Kementerian Transportasi Rusia, Senin (3/8/2026), mengumumkan pembentukan satuan tugas khusus yang bertugas mencari rute pengiriman baru serta mengalihkan distribusi barang ke moda transportasi lain sebagai respons atas memburuknya situasi keamanan di kawasan tersebut.
Dalam keterangannya, kementerian menyebut langkah itu diambil menyusul meningkatnya serangan drone terhadap kapal-kapal di Laut Azov yang dinilai mengancam aktivitas pelayaran.
Pemerintah Rusia juga memastikan sejumlah operator terminal pelabuhan siap menangani tambahan volume kargo dan mempercepat proses bongkar muat sesuai kapasitas operasional masing-masing.
Selain itu, Kementerian Transportasi bekerja sama dengan Kementerian Pertahanan Rusia untuk memperkuat sistem keamanan pelayaran di Laut Azov dan Laut Hitam guna menjamin keselamatan kapal-kapal yang melintas.
Peningkatan pengamanan dilakukan di tengah memanasnya konflik di Laut Hitam, yang merupakan salah satu jalur utama ekspor komoditas pertanian dunia. Rusia sebagai eksportir gandum terbesar dunia dan Ukraina sebagai salah satu pemasok utama produk pertanian global dalam beberapa pekan terakhir saling melancarkan serangan terhadap fasilitas ekspor maupun kapal dagang.
Situasi tersebut memicu kekhawatiran pasar internasional terhadap potensi terganggunya pasokan pangan global, sehingga harga gandum dunia mengalami kenaikan.
Sebelumnya, pada Jumat (31/7/2026), kelompok lobi utama industri gandum Rusia memperingatkan bahwa serangan drone Ukraina terhadap kapal dan pelabuhan Rusia berpotensi menghentikan ekspor gandum melalui Laut Hitam dalam waktu dekat.

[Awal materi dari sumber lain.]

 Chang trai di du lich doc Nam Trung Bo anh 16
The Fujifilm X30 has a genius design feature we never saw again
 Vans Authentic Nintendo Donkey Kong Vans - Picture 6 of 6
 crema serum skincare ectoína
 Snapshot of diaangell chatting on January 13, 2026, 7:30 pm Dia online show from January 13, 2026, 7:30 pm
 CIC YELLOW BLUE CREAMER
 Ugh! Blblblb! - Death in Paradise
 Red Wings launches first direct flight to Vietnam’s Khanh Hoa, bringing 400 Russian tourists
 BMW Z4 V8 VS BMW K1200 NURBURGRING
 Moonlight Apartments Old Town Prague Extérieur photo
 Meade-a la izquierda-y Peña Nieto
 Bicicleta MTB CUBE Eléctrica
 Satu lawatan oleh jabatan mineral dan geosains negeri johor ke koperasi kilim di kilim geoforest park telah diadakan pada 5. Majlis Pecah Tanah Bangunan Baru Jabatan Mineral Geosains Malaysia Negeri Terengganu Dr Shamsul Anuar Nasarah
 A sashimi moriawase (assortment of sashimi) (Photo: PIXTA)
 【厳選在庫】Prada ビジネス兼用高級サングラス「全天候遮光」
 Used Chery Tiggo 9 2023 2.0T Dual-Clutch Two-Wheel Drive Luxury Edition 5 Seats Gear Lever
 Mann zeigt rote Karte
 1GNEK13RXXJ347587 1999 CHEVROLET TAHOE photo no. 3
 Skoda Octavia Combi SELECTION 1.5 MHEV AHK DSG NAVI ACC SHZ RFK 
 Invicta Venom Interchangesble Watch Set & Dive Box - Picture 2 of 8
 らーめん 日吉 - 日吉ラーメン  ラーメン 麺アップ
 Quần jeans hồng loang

Kondisi itu dinilai dapat memicu lonjakan harga pangan dan meningkatkan risiko kelangkaan pangan, terutama di kawasan Afrika dan Timur Tengah.
Baca juga: MBS dan Trump Bahas Timur Tengah, Dorong Dialog untuk Redakan Konflik Iran
Di sisi lain, serikat petani terbesar Ukraina, UAC, juga mengungkapkan bahwa serangan Rusia terhadap aktivitas pelayaran di sekitar Pelabuhan Odesa telah menghambat ekspor hasil panen pada musim panen utama. Menurut UAC, apabila situasi keamanan terus memburuk, gangguan terhadap jalur pelayaran di Laut Hitam berpotensi semakin mengganggu pasokan pangan dunia.